Re: Quorum commit for multiple synchronous replication.

From: Michael Paquier <michael(dot)paquier(at)gmail(dot)com>
To: Masahiko Sawada <sawada(dot)mshk(at)gmail(dot)com>
Cc: Robert Haas <robertmhaas(at)gmail(dot)com>, Petr Jelinek <petr(at)2ndquadrant(dot)com>, Vik Fearing <vik(at)2ndquadrant(dot)fr>, Simon Riggs <simon(at)2ndquadrant(dot)com>, Josh Berkus <josh(at)agliodbs(dot)com>, Fujii Masao <masao(dot)fujii(at)gmail(dot)com>, PostgreSQL-development <pgsql-hackers(at)postgresql(dot)org>
Subject: Re: Quorum commit for multiple synchronous replication.
Date: 2016-11-08 13:12:56
Message-ID: CAB7nPqR8NTwzMx6H1sUy=Hp9ErgQZzB4W6Lhk125DnzNL_ZqMg@mail.gmail.com
Views: Raw Message | Whole Thread | Download mbox | Resend email
Thread:
Lists: pgsql-hackers

On Tue, Nov 8, 2016 at 12:25 AM, Masahiko Sawada <sawada(dot)mshk(at)gmail(dot)com> wrote:
> On Tue, Oct 25, 2016 at 10:35 PM, Michael Paquier
> <michael(dot)paquier(at)gmail(dot)com> wrote:
>> + if (SyncRepConfig->sync_method == SYNC_REP_PRIORITY)
>> + return SyncRepGetSyncStandbysPriority(am_sync);
>> + else /* SYNC_REP_QUORUM */
>> + return SyncRepGetSyncStandbysQuorum(am_sync);
>> Both routines share the same logic to detect if a WAL sender can be
>> selected as a candidate for sync evaluation or not, still per the
>> selection they do I agree that it is better to keep them as separate.
>>
>> + /* In quroum method, all sync standby priorities are always 1 */
>> + if (found && SyncRepConfig->sync_method == SYNC_REP_QUORUM)
>> + priority = 1;
>> Honestly I don't understand why you are enforcing that. Priority can
>> be important for users willing to switch from ANY to FIRST to have a
>> look immediately at what are the standbys that would become sync or
>> potential.
>
> I thought that since all standbys appearing in s_s_names list are
> treated equally in quorum method, these standbys should have same
> priority.
> If these standby have different sync_priority, it looks like that
> master server replicates to standby server based on priority.

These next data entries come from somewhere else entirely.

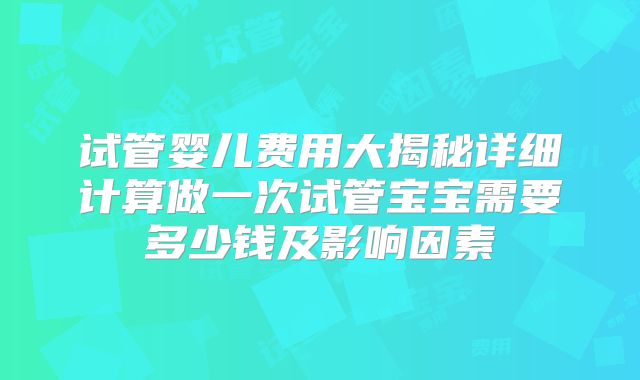 试管婴儿费用大揭秘详细计算做一次试管宝宝需要多少钱及影响因素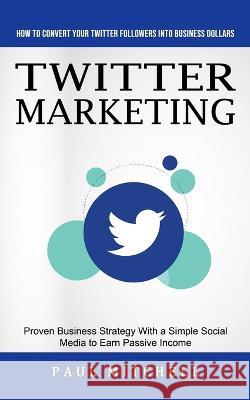 Twitter Marketing: How to Convert Your Twitter Followers Into Business Dollars (Proven Business Strategy With a Simple Social Media to Ea Mitchell, Paul 9781774859476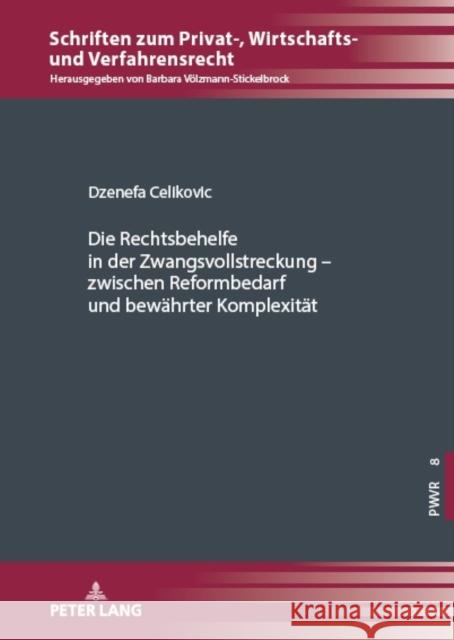 Die Rechtsbehelfe in der Zwangsvollstreckung - zwischen Reformbedarf und bewährter Komplexität Celikovic, Dzenefa 9783631904909 Peter Lang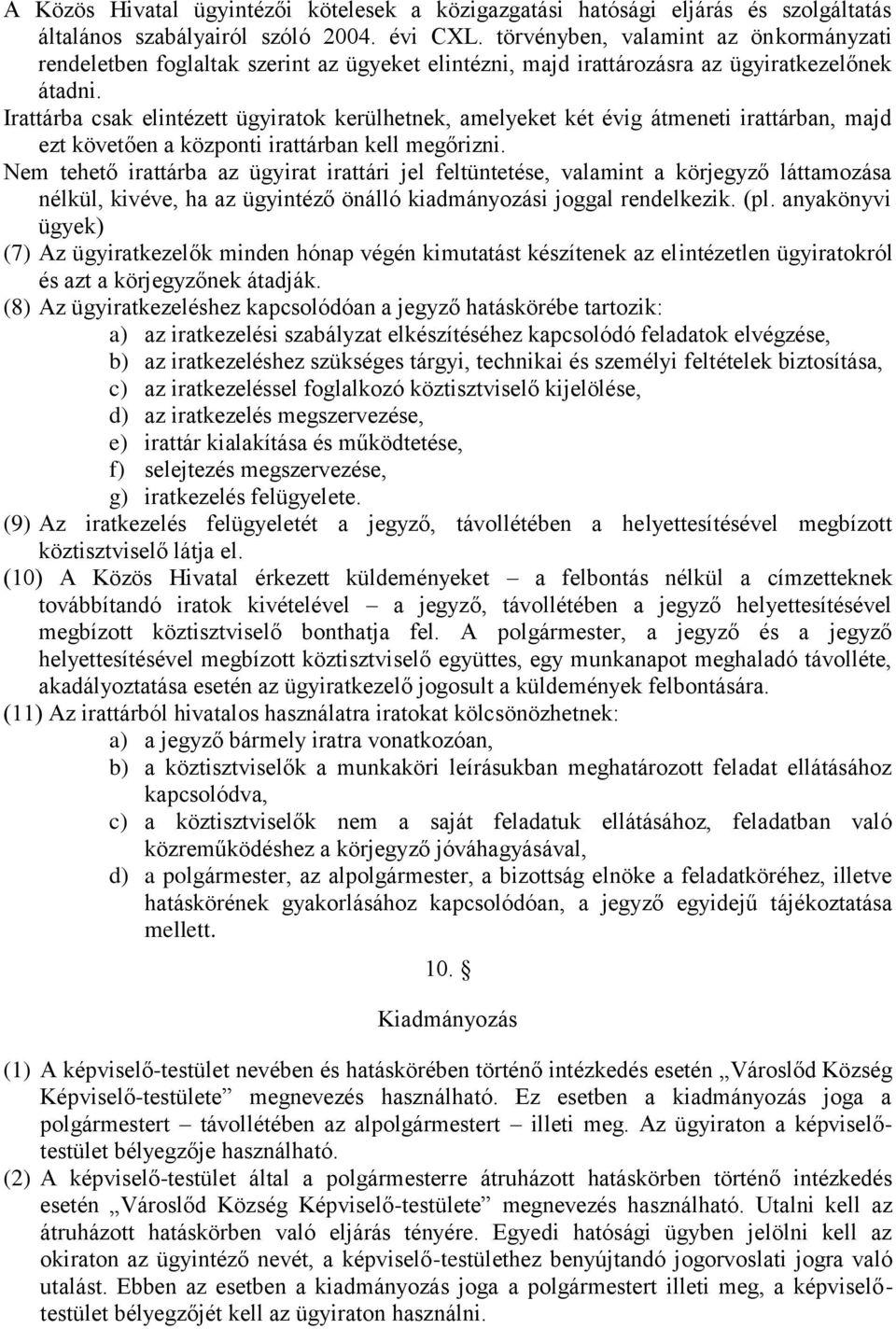 Irattárba csak elintézett ügyiratok kerülhetnek, amelyeket két évig átmeneti irattárban, majd ezt követően a központi irattárban kell megőrizni.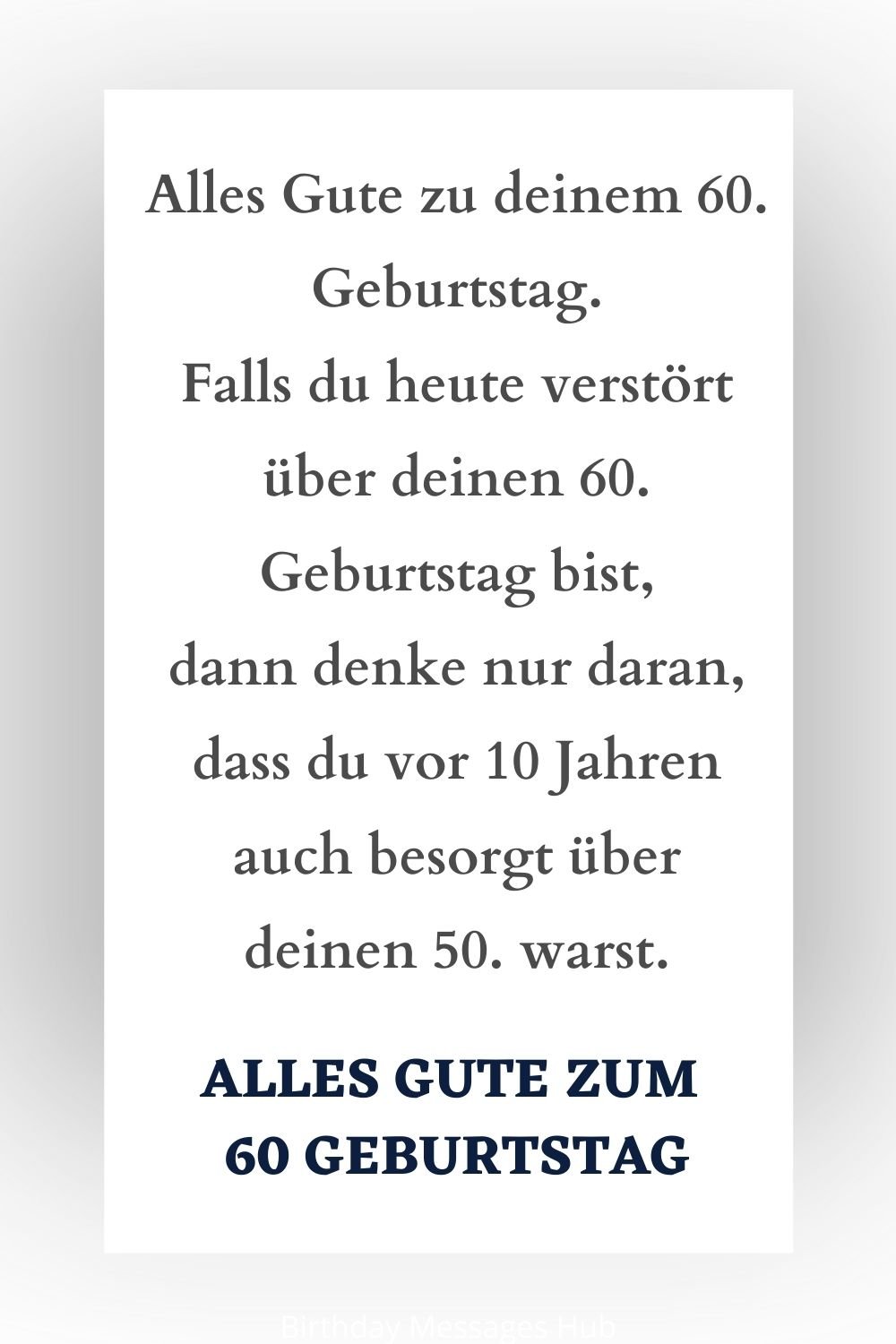 ᐅ ᐅ 351+ Beste Glückwünsche Zum 60 Geburtstag Geburtstag Text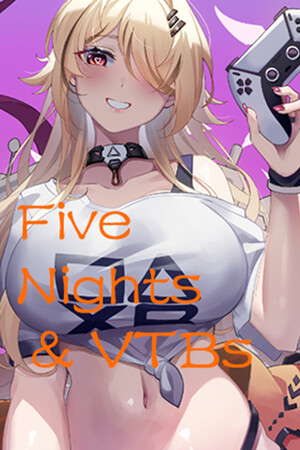 Five Nights And VTBs管人痴的五夜后宫 poster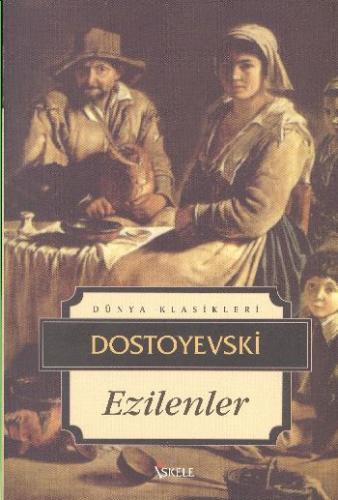 Ezilenler %30 indirimli Fyodor Mihayloviç Dostoyevski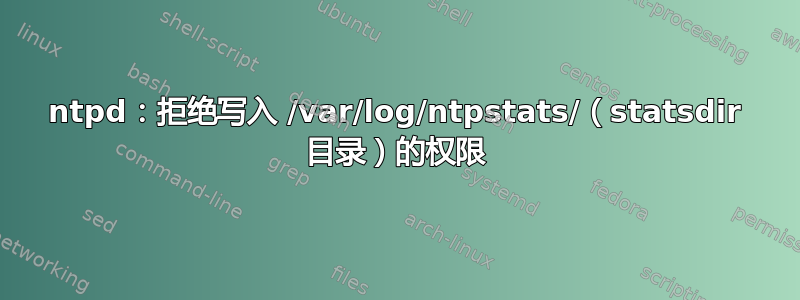 ntpd：拒绝写入 /var/log/ntpstats/（statsdir 目录）的权限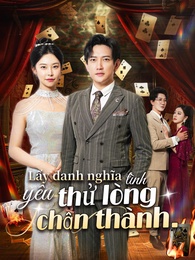  [Lồng tiếng] Lấy Danh Nghĩa Tình Yêu Thử Lòng Chân Thành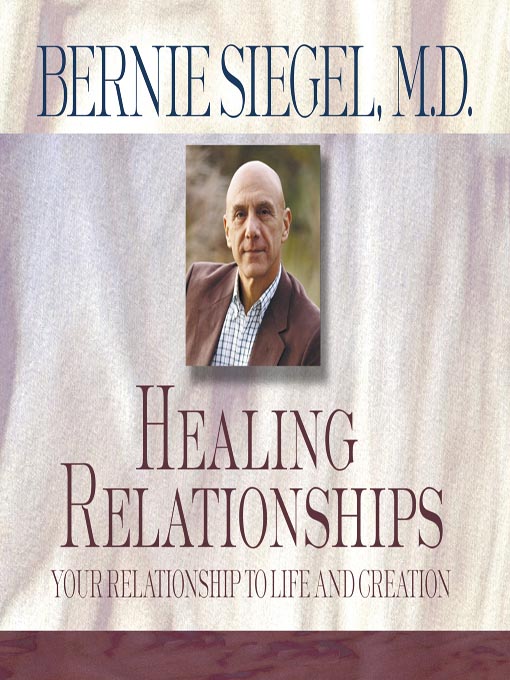 Title details for Healing Relationships by Bernie S. Siegel, M.D. - Available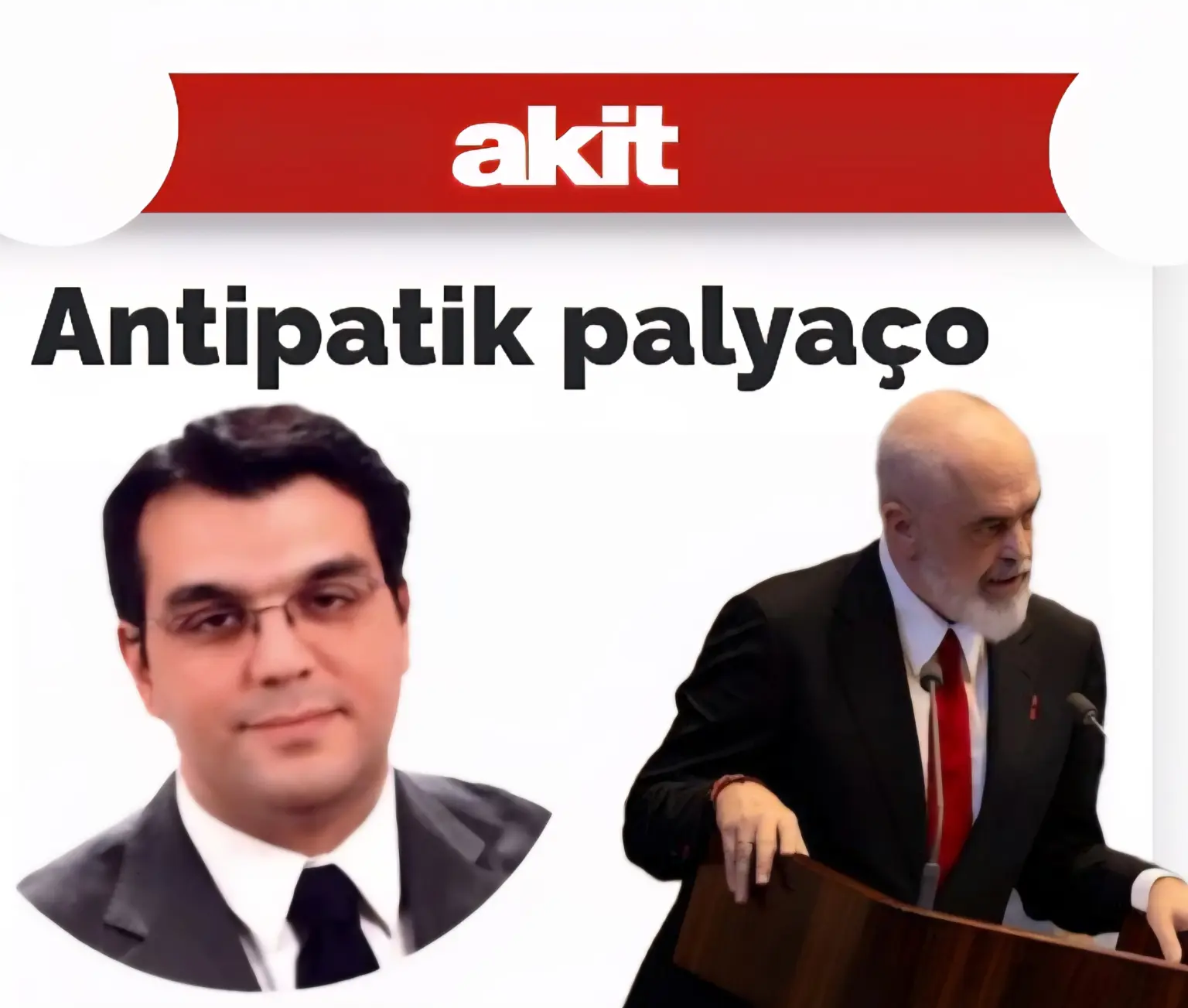 Gazeta turke  Edi Rama  një kloun antipatik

No actually, because we know that they are a quorum set, and that they
work in the same set. The concept of priorities has no real meaning
for quorum as there is no ordering of the elements. Another, perhaps
cleaner idea may be to mark the field as NULL actually.

>> It is not possible to guess from how many standbys this needs to wait
>> for. One idea would be to mark the sync_state not as "quorum", but
>> "quorum-N", or just add a new column to indicate how many in the set
>> need to give a commit confirmation.
>
> As Simon suggested before, we could support another feature that
> allows the client to control the quorum number.
> Considering adding that feature, I thought it's better to have and
> control that information as a GUC parameter.
> Thought?

Similarly that would be a SIGHUP parameter? Why not. Perhaps my worry
is not that much legitimate, users could just look at s_s_names to
guess how many in hte set a commit needs to wait for.

+ <para>
+ <literal>FIRST</> and <literal>ANY</> are case-insensitive word
+ and the standby name having these words are must be double-quoted.
+ </para>
s/word/words/.

+ <literal>FIRST</> and <literal>ANY</> specify the method of
+ that how master server controls the standby servers.
A little bit hard to understand, I would suggest:
FIRST and ANY specify the method used by the master to control the
standby servers.

+ The keyword <literal>FIRST</>, coupled with an integer
+ number N higher-priority standbys and makes transaction commit
+ when their WAL records are received.
This is unclear to me. Here is a correction:
The keyword FIRST, coupled with an integer N, makes transaction commit
wait until WAL records are received fron the N standbys with higher
priority number.

+ <varname>synchronous_standby_names</>. For example, a setting
+ of <literal>ANY 3 (s1, s2, s3, s4)</> makes transaction commits
+ wait until receiving receipts from at least any three standbys
+ of four listed servers <literal>s1</>, <literal>s2</>, <literal>s3</>,
This could just mention WAL records instead of "receipts".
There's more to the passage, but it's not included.